Tim penyelidikan berupaya memberikan klarifikasi kepada Pejabat (PJ) Kepala Desa Jrengik terkait pengelolaan dana dan aktivitas BUMDes. Namun hingga berita ini diturunkan, PJ Desa Jrengik melaporkan sulit ditemui maupun dihubungi, sehingga proses konfirmasi tidak membuahkan hasil.

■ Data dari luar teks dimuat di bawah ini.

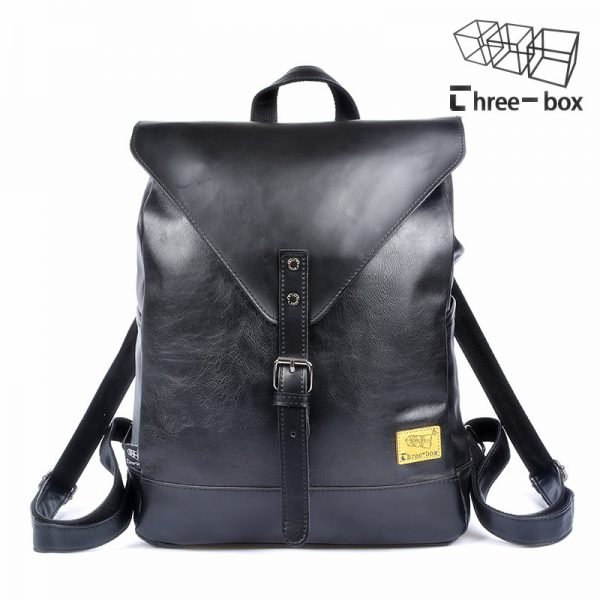 2019 Hot! Women fashion backpack male travel backpack mochilas school mens leather business bag large laptop shopping travel bag - Image 3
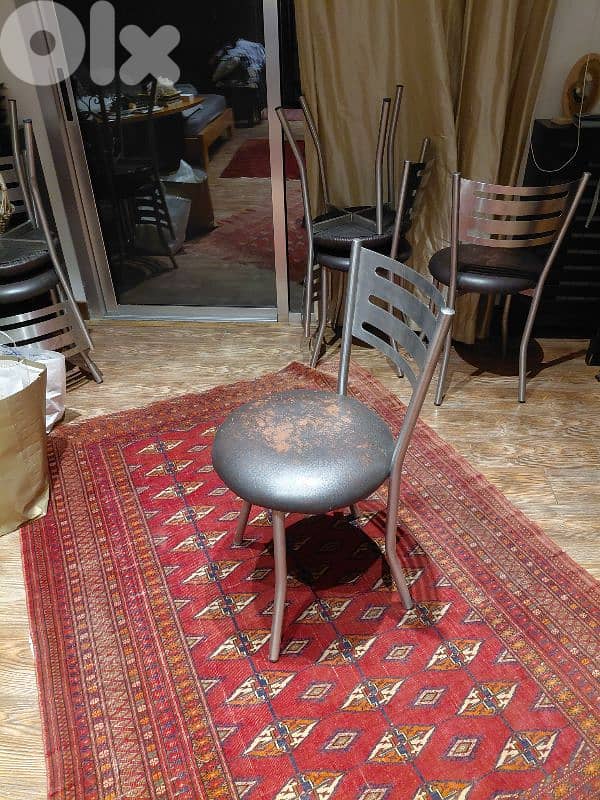 Kitchen chairs, #6 0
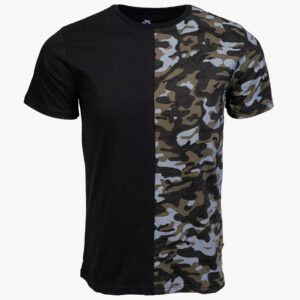 Arsenal X-LargeBlack / Camo Cotton Relaxed Fit Logo T-Shirt
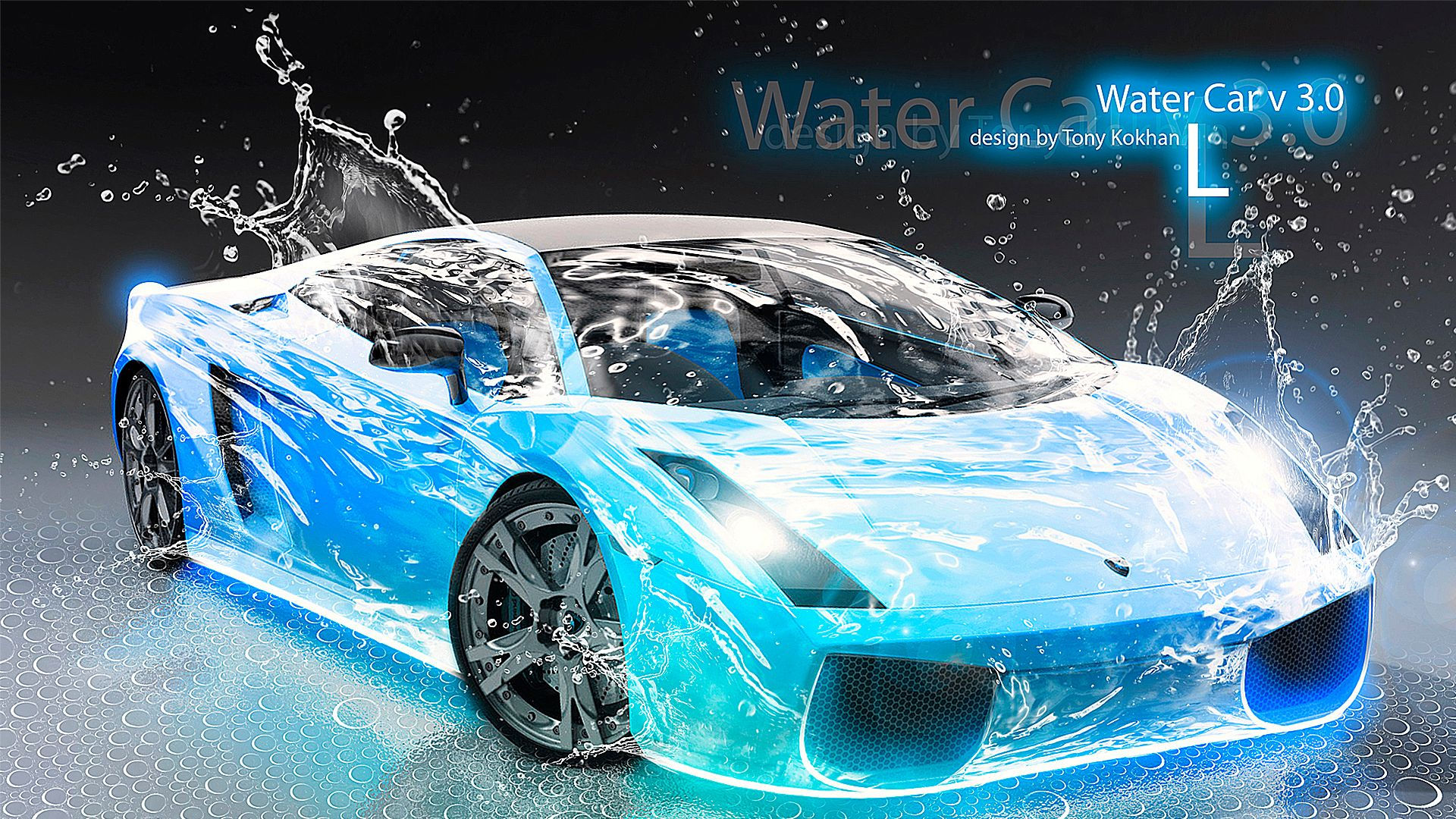 Wallpaper #179CC Car Vehicle Cgi Colorful 1920x1080 Wallpaper Wallhavencc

Upaya serupa juga dilakukan pada salah satu perangkat Desa Jrengik bernama Yanto. Sayangnya, yang bersangkutan enggan memberikan keterangan terkait dana maupun kegiatan BUMDes. Sikap tertutup tersebut semakin memicu spekulasi dan keresahan di kalangan masyarakat.
Sikap bungkam aparatur desa ini dinilai sangat memalukan. Sebagai penyelenggara pemerintahan desa sekaligus pelayan publik, seharusnya pihak desa menjunjung tinggi transparansi dan akuntabilitas, khususnya dalam prinsip pengelolaan dana desa dan unit usaha BUMDes yang bersumber dari uang negara.
Kondisi ini menimbulkan berbagai pertanyaan mendasar, mulai dari penggunaan dana BUMDes, jenis usaha yang dijalankan, hingga alasan tidak adanya keterbukaan informasi kepada publik.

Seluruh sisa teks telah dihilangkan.